问题
Is there a possibility to copy data strided by a constant (or even non-constant) value to and from the CUDA device efficiently?
I want to diagonalize a large symmetric matrix.
Using the jacobi algorithm there is a bunch of operations using two rows and two columns within each iteration.
Since the Matrix itself is too big to be copied to the device entirely i am looking for a way to copy the two rows and columns to the device.
It would be nice to use the triangular matrix form to store the data but additional downsides like
- non-constant row-length [not that Kind of a Problem]
- non-constant stride of the column values [the stride increases by 1 for each row.]
arise. [edit: Even using triangular form it is still impossible to store the whole Matrix on the GPU.]

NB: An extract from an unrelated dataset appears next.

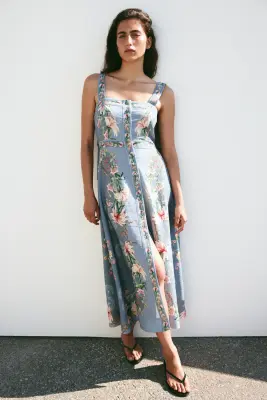 Robe en viscose mélangée avec bretelles à nouer - Bleu ancien/fleuri — photo 2
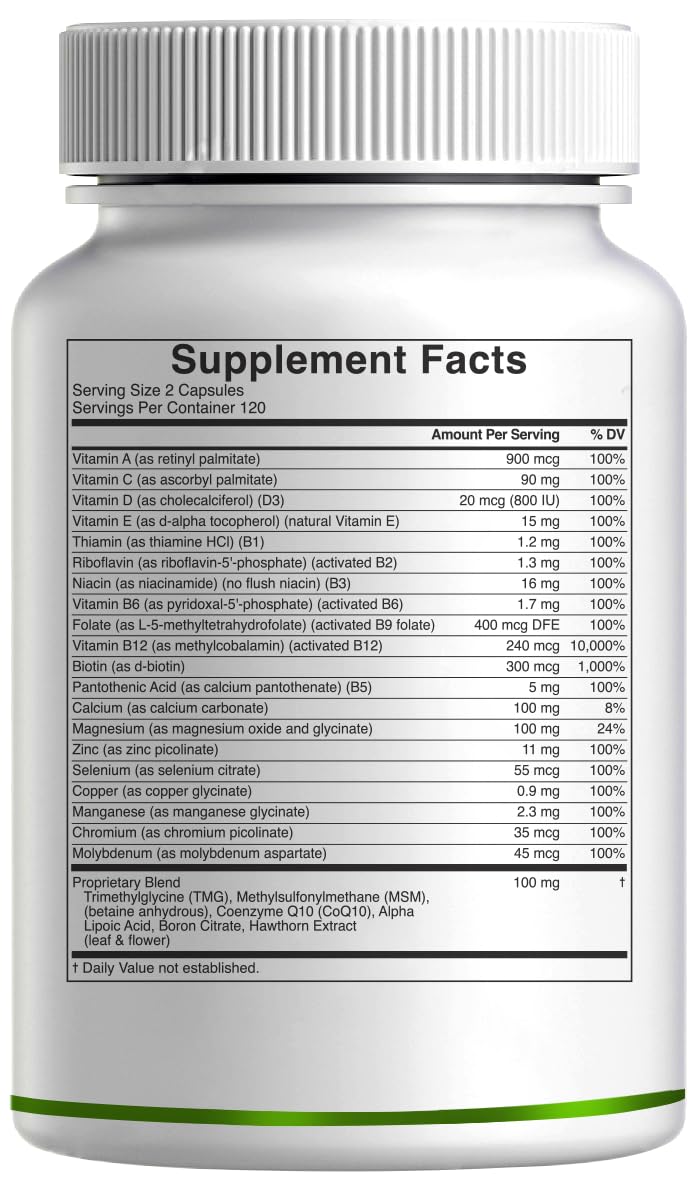 DEAL SUPPLEMENT Methylated Multivitamin for Men & Women, 240 Capsules | 100% DV Vitamins & Minerals | Activated B-Complex & Chelated Minerals, with CoQ10, TMG & ALA | Non-GMO, cGMP Manufactured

I looked at some timings and recognized that copying strided values one by one is very slow (synchronous as well as async.).
// edit: removed solution - added an answer
回答1:
Thanks to Robert Crovella for giving the right hint to use cudamemcpy2d. I'll append my test code to give everyone the possibility to comprehend...
If anyone Comes up with suggestions for solving the copy problem using row-major-ordered triangular matrices - feel free to write another answer please.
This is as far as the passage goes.